台風の影響がまだ多少残っているなかではありますが、峠は越したというところも各地であるかと思いますし、爪痕に向き合わなければならない方々もおられるかと思います。神の守りが皆さんとともに、豊かにあることを心から祈りつつ、ローズンゲンに示された今日の聖書の言葉に聴きたいと思います。
どうせ生きるなら、出会う人ひとに接するのであれば、そのすべてが「喜び」でありたいと願うのは、誰でも同じことと思います。
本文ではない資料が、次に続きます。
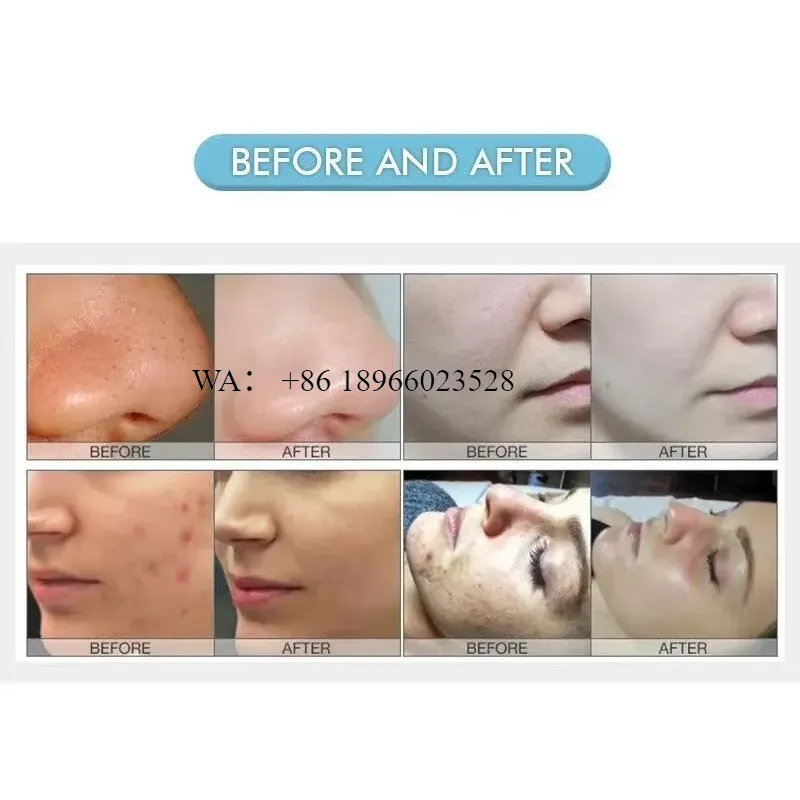 WMWMNU for Desktop Blackhead R - Blackhead Remover Vacuum Suction 评论和价格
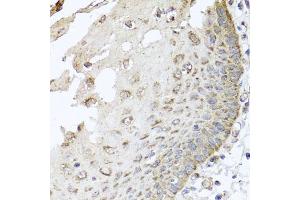 Immunohistochemistry of paraffin-embedded human esophagus using IRS2 antibody (ABIN5974770) at dilution of 1/100 (40x lens). (IRS2 anticorps)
しかし、私たちにとって「喜びの基準」というのは、実に千差万別、まちまちであることも私たちはよく知っています。この基準にズレがあるからこそ、私たちは自分が喜べないことで一喜一憂したり、時に人間関係にゆがみや亀裂を生んだりすることも間々あるのです。
私たちはそのような現実のなかで、今日の聖句をどのように受け止めることができるだろうか。そんなことを想わされました。神が喜びとされる、私たちの「手の業」とはいったいどんなことを指すのでしょうか。私はこんなことを考えました。私たちの手の業、つまり言動というものを、「私たちの占有物」のように考えてならない、ということをです。
私たちは「~の自由」というものを持っていますし、この日本において、それは憲法でも保障されている権利です。信教の自由、言論の自由、思想の自由などなど。しかし、それらの自由というものは、決して「濫用」されることがあっては、決してならないということも、憲法で保障されています。つまり、自由は自分の好き勝手なままに濫用することによって、それはもはや「自由」の指し示す意味が失われてしまう、ということなのだと私は考えています。
つまり、私たちの手の業というものを神が喜びとされるというこの事実に、私たちがいかに謙虚に向き合えるのかということが大切であるということです。私たちの自由や権利というものは、決して私たちの占有物などではなく、神の占有物なのだということを、私たちの心に刻まなければならないといことなのです。その神の占有物も、さも自分自身の占有物であるかのように思い違うならば、神の喜びというものをないがしろにしてしまうことを、私たちはしっかりと認識するところにこそ、神の喜びが私たちを支配するということを、私たちは心から信じつつ、自分に与えられた使命というものを果たせるのだと。
あまりにもこの世界が、古今東西にわたって神の喜びが明らかにされない状態のなかで、人と人とが無用に傷つけ合うような状況を、私たちは安易に人のせいにするのではなく、自分自身に与えられた「責任」として、神から与えられているということを、今日の私を生きる土台としたい。自戒を込めつつ、そのような生き方を営みたいと、今日の聖句を通して、あらためて願わされました。
神の与えられた喜びが、私たちにとっての喜びとなりますように。心から願いつつ、皆さんの一日における主にある平安を、心からお祈りします。